By Noel Clay
from Colchester, England
, 24 Nov 2004
A werewolf movie starring Jack Nicholson? Sounds great! But what's that? Set in a publishing company? How is that going to work?
Well, the truth is it works surprisingly well. Nicholson plays an editor who is being replaced by a younger, more ruthless man at his company. At first he's ready to simply accept it with quiet dignity, but as he's been bitten by a wolf the night before, he begins to undergo some radical changes and suddenly finds himself having the energy to fight for his position at the company and for the love of his boss' daughter. However, he also finds that he has the urge to hunt and kill at nighttime, and becomes terrified of the monster he carries inside. It's really an intelligent little story about a kind of mid-life crisis which was appreciated by the likes of Roger Ebert and various other respected film buffs.

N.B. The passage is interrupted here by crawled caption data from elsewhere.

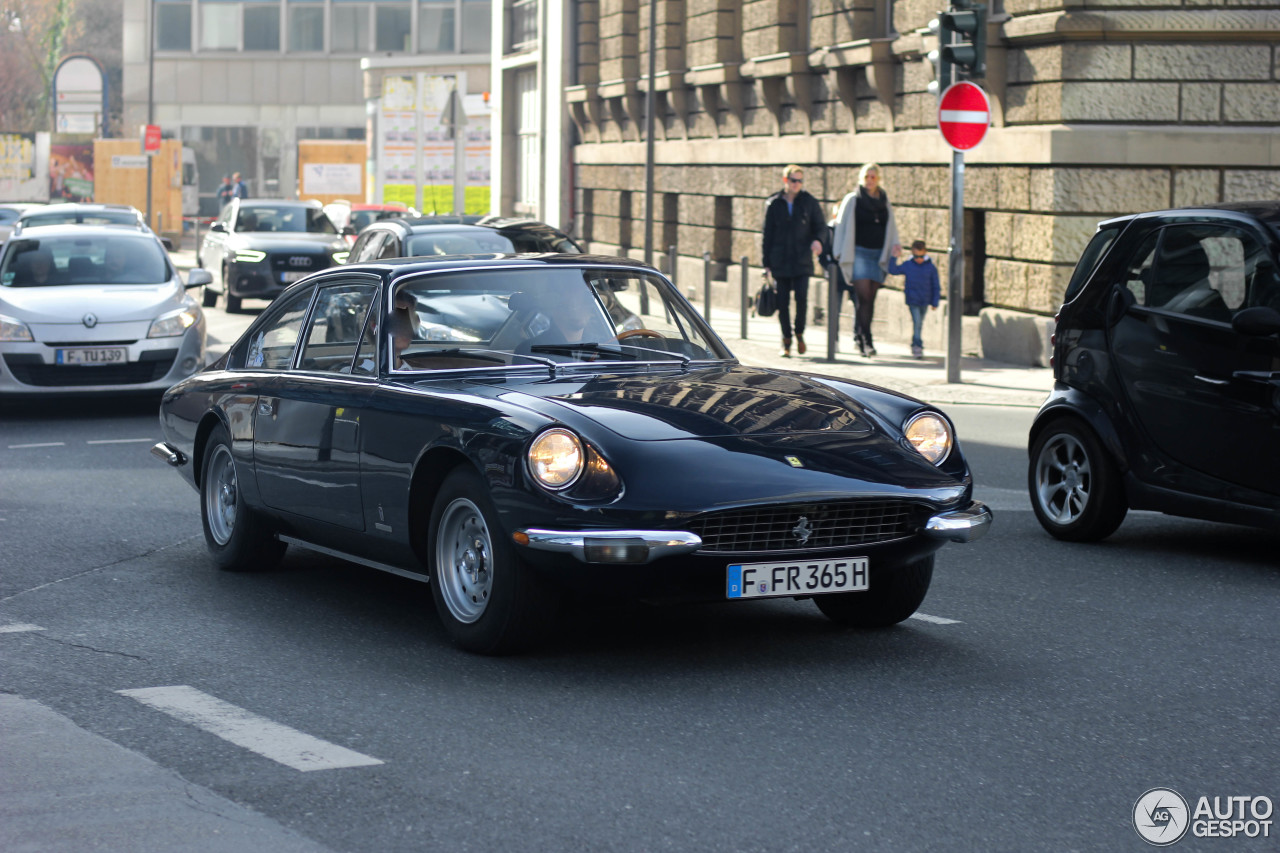 Ferrari 365 GT 2+2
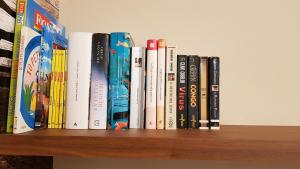 una fila de libros sentados en un estante en Casalmare Via Asse, en Ventimiglia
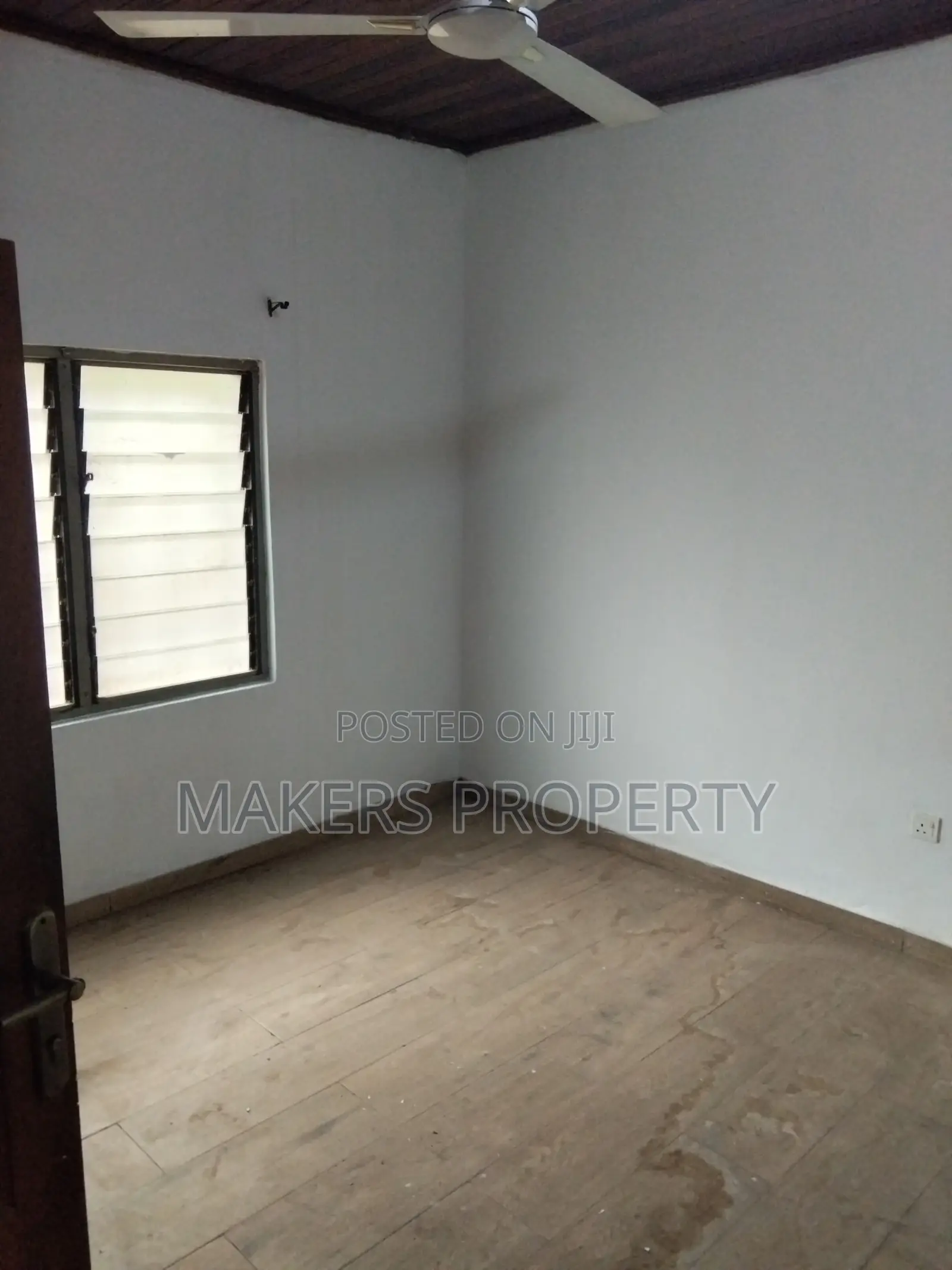 Five Bedroom House for Rent or Lease for Commercial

However ... critics aside, this isn't exactly a very popular movie. Most people just find it dull and uninteresting, with elements of several genres thrown together in a big mess. I can kind of see where they're coming from ... it's a little dull in places, and probably could have been cut down by at least fifteen minutes or so, but to be honest I was never that bored watching it. Wolf is much more intelligent than most werewolf movies, and does have a few interesting ideas and metaphors that haven't really been done before in werewolf movies. The ending is a little peculiar, and in a completely different tone to the rest of the movie, but it's made up for by a pretty cool twist.
The reason Mike Nichols is such a hit-and-miss director is because he seems to make films that he cares about, which aren't necessarily aimed at a particular audience. Generally they do seem to find one somewhere, though, and I expect there are plenty of people out there who will enjoy this film as much as I did, or even more. Jack Nicholson is great as always. There are moments of that old hilarious, energetic Jack that we saw a lot of through the seventies and eighties, but mostly it's the sombre, ageing character that he often gets cast as these days. He does both of them very well, and I don't think anyone else would have been more suited for the part. James Spader is good is the slimy villain of the story, and Michelle Pfeiffer is her usual confident femme fatale character.
Though it may not be everyone's cup of tea, Wolf is a smart, fairly enjoyable twist on the werewolf genre.